Le parcours atypique de Bruno Louchin, fondateur d’Alkor Diff

Un patron de PME bien dans sa peau, fier de son équipe, fier de sa boite, ça existe : Bruno Louchin en fait partie. Info-chalon.com retrace son parcours de chef d’entreprise. Un itinéraire plutôt atypique.

Fier d’être chef d’entreprise, ça sonne un peu provoc, non ? Eh bien, c’est précisément parce que, en France, les chefs d’entreprises sont souvent stéréotypés et soupçonnés de tous les maux de la Bible, qu’il est bon de remonter le cheminement — voire les méandres — qui l’ont mené jusque-là. D’une part, ça peut aider son prochain (la Bible et le prochain, on y est), d’autre part, casser les stéréotypes, c’est ouvrir les yeux.

La voie qu’emprunte Bruno n’est pas rectiligne, tant s’en faut, elle est parsemée de boulots en Interim, d’emplois alimentaires et de prises de conscience. Il y a 15 ans, jamais il ne serait imaginé à la tête d’une PME. Jusque-là, son parcours professionnel avait alterné les coups de cœur et les coups du sort.
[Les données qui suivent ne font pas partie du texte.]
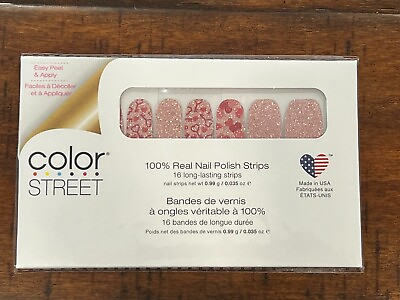 #ad #ad Color Street Long Lasting Nail Polish Strips RETIRED *Free Shipping $8.00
De la radio à l’Opéra, de la musique avant toute chose

« Mes premiers pas, je les ai faits à la radio. 1983 : Mitterrand légalise les radios libres. J’avais 13 ans, j’ai plongé dedans. » Tout a commencé avec la passion de la musique, plutôt rock, et le bénévolat. « C’est curieux d’ailleurs, parce que j’étais un adolescent timide. Mais quand tu fais de la radio, tu es enfermé dans un bocal, tu n’es pas face aux gens. Et le micro, c’est un vrai jeu. » Vers 16 ans, poussé par des copains, il se prend peu à peu à un autre jeu : DJ de soirées étudiantes à Châtillon-sur-Seine, sa ville. « Je l’ai fait pendant 3 ans, en amateur, mais là, je pouvais me retrouver face à 600 jeunes, ça aide à travailler sa personnalité. » Puis Bruno Louchin s’installe à Dijon et se professionnalise, en travaillant à Radio Dijon Campus pendant 3 ans. Cependant, on a beau être à l’air des radios libres, il existe des standards pour évoluer dans les plus grandes radios du moment (Skyrock, Fun Radio, NRJ) et Bruno ne rentre pas dans les cases.

Le monde du spectacle pas à pas

Changement de cap : direction Paris, concours de la Poste et tournées pendant 2 ans dans le 16e arrondissement. C’est par le petit bout de la lorgnette que le nouveau facteur verra le monde du spectacle : Bashung, Gainsbourg, Aznavour et, dans un univers moins bruyant, les « dames qui travaillent » au Bois de Boulogne. Des rencontres aussi fugitives que contrastées qui sont les prémices du monde du spectacle. « J’ai quelques bons souvenirs (une lettre remise en mains propres à Gainsbourg, le petit billet donné par le grand artiste) mais je n’étais pas à ma place. » Une prise de conscience aiguë du type « Mais qu’est-ce que je fais là ? » qui le pousse à envoyer 370 courriers à des salles de spectacles.

Quelques mois après, le premier Graal : l’Opéra de Dijon lui propose un poste d’assistant du régisseur son et lumière. « On a repéré le petit jeune qui est dans la radio, et qui en veut. » Bruno entre par la petite porte, mais il est enfin au cœur de la fabrique du spectacle. Il apprend beaucoup, en un lieu et une époque propices à cette aventure : « C’était une période géniale, s’enthousiasme Bruno, l’Opéra était dirigé par Filippi, un soliste italien. On est en 1996, Poujade est maire, les robinets sont ouverts. On avait tout l’équipement qu’on voulait. Je connaissais le son, j’ai tout appris de la lumière. »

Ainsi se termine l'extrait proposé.